Pipeline design is both an art and an engineering discipline. Poor pipeline design leads to brittle systems that break constantly, produce incorrect data, and are impossible to debug. Good pipeline design produces trustworthy data that stakeholders can rely on for critical business decisions. The patterns in this lesson are distilled from years of production experience and apply regardless of the specific tools you use.
Pipeline Design Principles
Core Principles
- Idempotency: Running a pipeline multiple times with the same input produces the same output. This is the most important principle — it enables safe retries and backfills.
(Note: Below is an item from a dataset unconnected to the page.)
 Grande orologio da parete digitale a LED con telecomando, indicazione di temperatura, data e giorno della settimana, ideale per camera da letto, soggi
- Atomicity: Each pipeline step either completes fully or not at all. Partial writes lead to data corruption and inconsistent results.
- Incremental Processing: Process only new or changed data rather than reprocessing everything. This reduces cost and latency.
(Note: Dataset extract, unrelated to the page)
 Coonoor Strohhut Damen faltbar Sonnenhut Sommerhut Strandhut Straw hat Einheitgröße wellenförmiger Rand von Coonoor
- Schema Evolution: Handle changes in source data schemas gracefully without pipeline failures.
- Observability: Every pipeline should emit metrics, logs, and alerts. You should know about failures before your stakeholders do.
- Self-Documenting: Pipeline code should be readable and include clear comments about business logic and data contracts.
Idempotent Pipeline Design
An idempotent pipeline produces the same result whether it runs once or ten times with the same input. This is critical because pipelines fail and must be retried. If a pipeline is not idempotent, a retry can produce duplicate data, corrupt existing records, or cause downstream inconsistencies.
# BAD: Non-idempotent — appending causes duplicates on retry
def bad_pipeline(date: str):
data = extract_daily_orders(date)
transformed = transform_orders(data)
# DANGER: If this runs twice, orders are duplicated
db.execute(f"INSERT INTO analytics.orders SELECT * FROM staging")
# GOOD: Idempotent — delete-then-insert pattern
def good_pipeline(date: str):
data = extract_daily_orders(date)
transformed = transform_orders(data)
# Atomic swap: delete existing data for this date, then insert
db.execute(f"""
BEGIN;
DELETE FROM analytics.daily_orders WHERE order_date = '{date}';
INSERT INTO analytics.daily_orders
SELECT * FROM staging.orders WHERE order_date = '{date}';
COMMIT;
""")
# BETTER: Idempotent with partition overwrite
def best_pipeline(date: str):
data = extract_daily_orders(date)
transformed = transform_orders(data)
# Overwrite the specific partition — idempotent by design
transformed.write .mode("overwrite") .partitionBy("order_date") .parquet(f"s3://data-lake/gold/daily_orders/")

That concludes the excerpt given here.